Nearly 8,300 homes — almost a third of the houses in the city — were destroyed or suffered major damage, according to UN Habitat. All five of Ramadi’s bridges over the Euphrates River were damaged; only three are currently under repair. Three-quarters of the schools remain out of commission.
The Anbar provincial council holds its meetings in a small building down the street from the pile of rubble that was once its offices. Nearly all of Ramadi’s government buildings were blown up by the militants.
“We haven’t received a single dollar in reconstruction money from Baghdad,” said Ahmed Shaker, a council member. “When we ask the government for money to rebuild, they said: ‘Help yourself, go ask your friends in the Gulf” — a reference to fellow Sunnis.
So people in Ramadi borrow, beg and compromise.
Halayl Sharqii and his wife Hanna returned in 2016 and found their house destroyed.
“All I remember doing is picking up the pieces of our furniture in a blanket,” said the 75-year-old Halayl.
Like most of their neighbors, they borrowed money from extended family to partially rebuild their modest two-room house. A Qatari aid organization helped fix the roof of one room. All around, other houses are in similar states of semi-repair; on one home, bullet-holes are patched up with cement, while its neighbor is still missing walls. Weeds are thick in neglected gardens around damaged homes that remain abandoned.
On one street corner, children clamber up a collapsed apartment building and pick through the rubble. The former residents pay them 1,000 Iraqi dinars (a little less than a US dollar) for each family photograph or identification document they retrieve from the dust and concrete.

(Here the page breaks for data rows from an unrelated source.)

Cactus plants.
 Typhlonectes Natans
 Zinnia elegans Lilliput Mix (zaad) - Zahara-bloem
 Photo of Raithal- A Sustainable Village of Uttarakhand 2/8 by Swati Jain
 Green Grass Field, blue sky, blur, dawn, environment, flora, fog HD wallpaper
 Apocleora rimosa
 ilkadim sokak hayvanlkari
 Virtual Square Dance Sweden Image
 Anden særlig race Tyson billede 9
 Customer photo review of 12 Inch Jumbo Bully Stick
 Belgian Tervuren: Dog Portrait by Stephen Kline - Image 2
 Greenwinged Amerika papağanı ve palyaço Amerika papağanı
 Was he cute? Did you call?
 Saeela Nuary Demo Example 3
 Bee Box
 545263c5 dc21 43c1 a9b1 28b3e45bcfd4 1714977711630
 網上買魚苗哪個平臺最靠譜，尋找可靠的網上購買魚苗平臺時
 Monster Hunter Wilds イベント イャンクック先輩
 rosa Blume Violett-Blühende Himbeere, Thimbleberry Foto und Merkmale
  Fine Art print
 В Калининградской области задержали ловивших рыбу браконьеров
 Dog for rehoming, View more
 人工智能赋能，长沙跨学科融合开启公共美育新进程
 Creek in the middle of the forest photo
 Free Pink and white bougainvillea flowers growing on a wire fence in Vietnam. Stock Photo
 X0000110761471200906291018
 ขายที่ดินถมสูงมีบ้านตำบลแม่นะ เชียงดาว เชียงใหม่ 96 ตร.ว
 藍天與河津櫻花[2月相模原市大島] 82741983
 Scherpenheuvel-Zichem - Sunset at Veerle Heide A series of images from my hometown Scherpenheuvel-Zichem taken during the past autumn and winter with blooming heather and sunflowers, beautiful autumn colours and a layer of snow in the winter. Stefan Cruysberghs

Most of Ramadi’s pre-Daesh population of around a half million has returned. Restaurants and shops are reopening along main streets, and traffic churns through scores of checkpoints. Iraqi officials cite that as a sign of success.
But like many others, the Sharqiis’ decision to return was out of desperation, not hope. Their savings were drained and they wore out their welcome in a crowded home with extended family in Baghdad.
“We had no other choice but to return,” Halayl said.